Considéré comme un radical, Miguel de Garikoitz Aspiazu Rubina, alias «Txeroki», arrêté dans la nuit de dimanche à lundi à Cauterets (sud-ouest de la France) est soupçonné d'avoir commandité l'attentat de l'aéroport de Madrid qui, en décembre 2006, avait mis un terme brutal au processus de paix basque.

Cette action à la fourgonnette piégée qui avait fait deux morts, avait pris de court le gouvernement socialiste espagnol qui menait des négociations avec l'organisation clandestine pour trouver une issue négociée au «conflit basque» tandis que l'ETA observait officiellement depuis mars 2006 un «cessez-le-feu permanent».

«Dans la mesure où Txeroki représentait la ligne dure et était le chef d'une nouvelle génération très radicalisée, cette ligne perd du crédit et cela fortifie d'autres secteurs», estime Alberto Surio, spécialiste de l'ETA pour le journal régional Diario Vasco.

«Il faut être prudent dans l'évaluation des conséquences mais il ne faut pas oublier que la rupture du processus de paix par le secteur dur de l'ETA avait créé une énorme frustration dans la mouvance indépendantiste et même au sein de l'ETA elle-même», ajoute l'expert.

«Il y a un secteur politique de l'ETA qui n'a toujours pas compris pourquoi le processus de paix a été rompu et qui voudrait changer de stratégie» et cette arrestation «va ouvrir pour le moins une période de débat interne», poursuit le spécialiste.

Pour Florencio Dominguez, autre spécialiste de l'ETA et rédacteur en chef de l'agence Vasco Press, cette arrestation va obliger le groupe armé à «réfléchir» mais cela ne devrait pas changer du jour au lendemain la ligne actuelle qui reste définie de manière «collégiale».
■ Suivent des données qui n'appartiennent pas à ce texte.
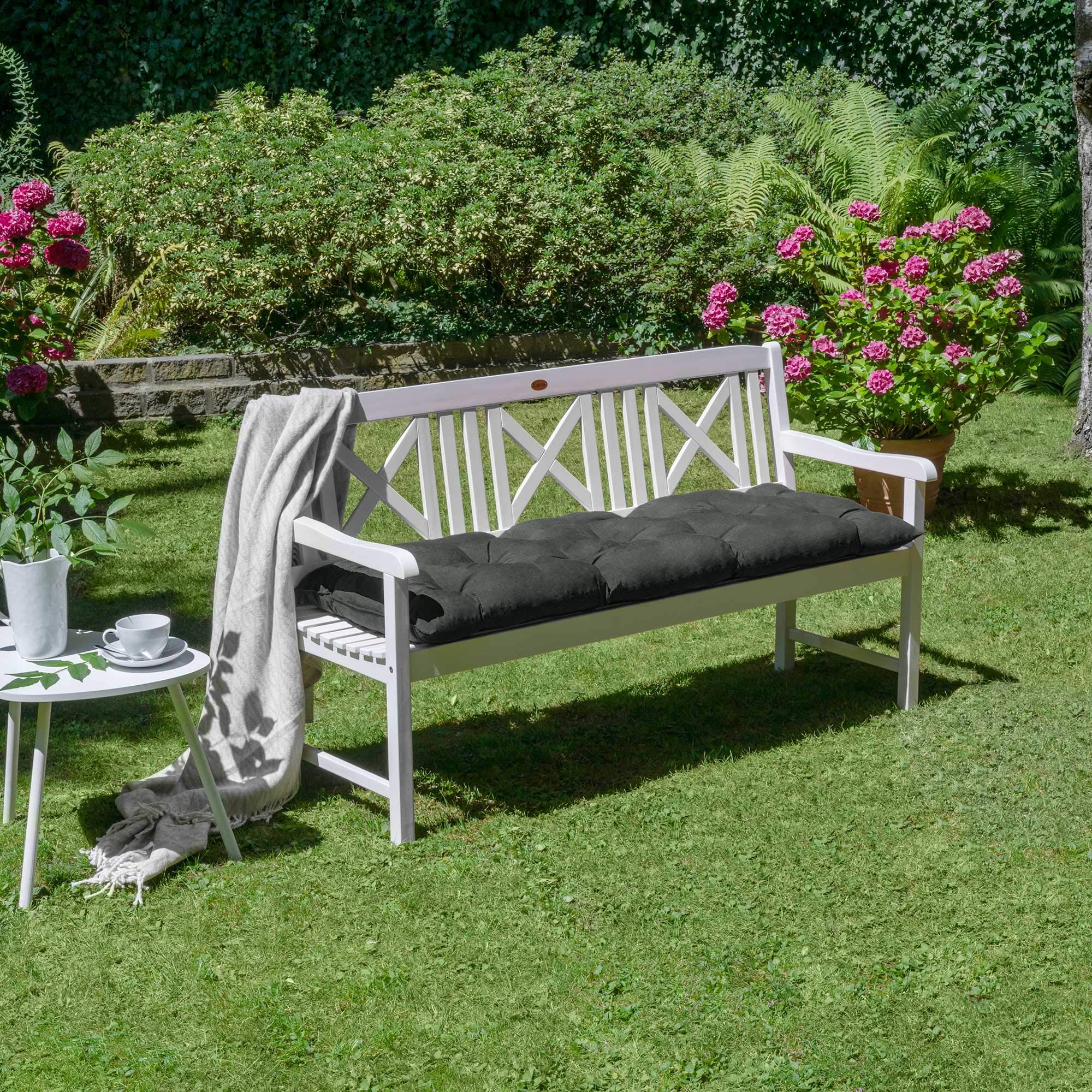 Beautissu Cojines para Bancos Flair BK 100x50x10 cm Cómodo Acolchado Banco de jardín/Columpio Hollywood Gris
D'ailleurs, ce sont deux «durs» qui pourraient remplacer «Txeroki»: Aitzol Iriondo, «Gurbitz», chef présumé de la branche «logistique» ou Jurdan Martitegui, membre supposé du plus actif des commandos de l'ETA, le commando «Biscaye» partiellement démantelé en juillet après une série de puissants attentats, selon M. Dominguez.

Le groupe armé avait conduit l'été passé une réflexion interne avec un «processus d'assemblées» qui a conclu à la poursuite de la lutte armée et de l'actuelle campagne d'attentats qui a provoqué la mort de cinq personnes depuis la fin officielle de la trêve en juin 2007, soulignent les deux spécialistes.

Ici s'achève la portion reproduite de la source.